The used-car market is unpredictable, so you may be able to negotiate a better deal for one of these cars or get a more appealing model for the same price. Others may cost slightly more than $10,000 depending on the condition of the car and where you live. For example: A 2006 Hyundai Sonata GLS four-cylinder with 60,000 miles commands $10,690 in New York City but $10,915 in Los Angeles. To pare down our list, we used KBB retail values, which presumed exemplary mechanical and cosmetic conditions, as opposed to trade-in or private-party values, which depend mostly on the car’s condition. Used-car values vary by location, so the prices in each recommendation came from averaging the listed values across five greater metropolitan areas: Atlanta, Chicago, Denver, Los Angeles and New York. You may be able to bargain down a listed price by $1,000 or more, but plan for the customary fees associated with buying a car, including sales tax, license, title and registration, plus any financing costs involved. Factor in the cost of an independent mechanic’s inspection, too, which we recommend.

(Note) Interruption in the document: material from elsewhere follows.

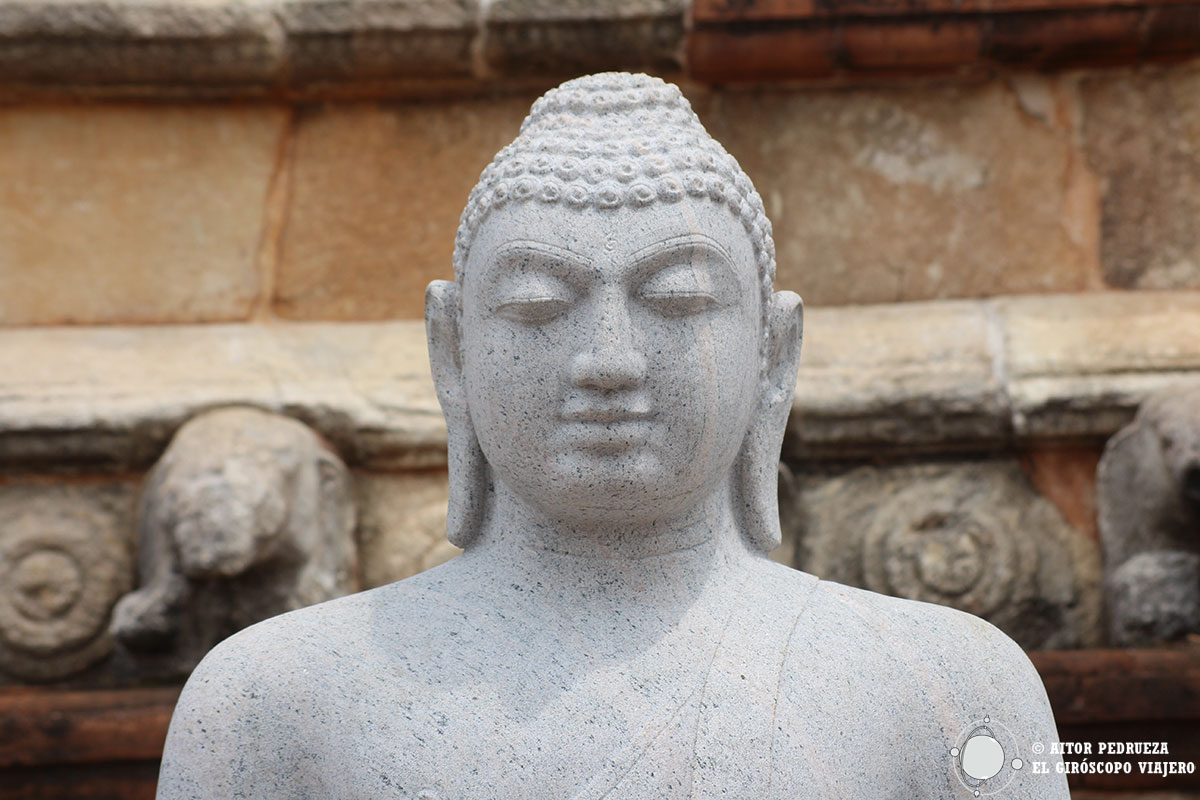 Estatua de buda junto a una estupa de Anuradhapura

Sources for safety equipment and crash-test scores include the Insurance Institute for Highway Safety, the National Highway Traffic Safety Administration and automaker data. Information on vehicle features comes from automaker data, reliability scores come from J.D. Power and Associates and Consumer Reports. Used-car prices come from Kelley Blue Book, and availability of various safety features comes from surveying national used-car listings.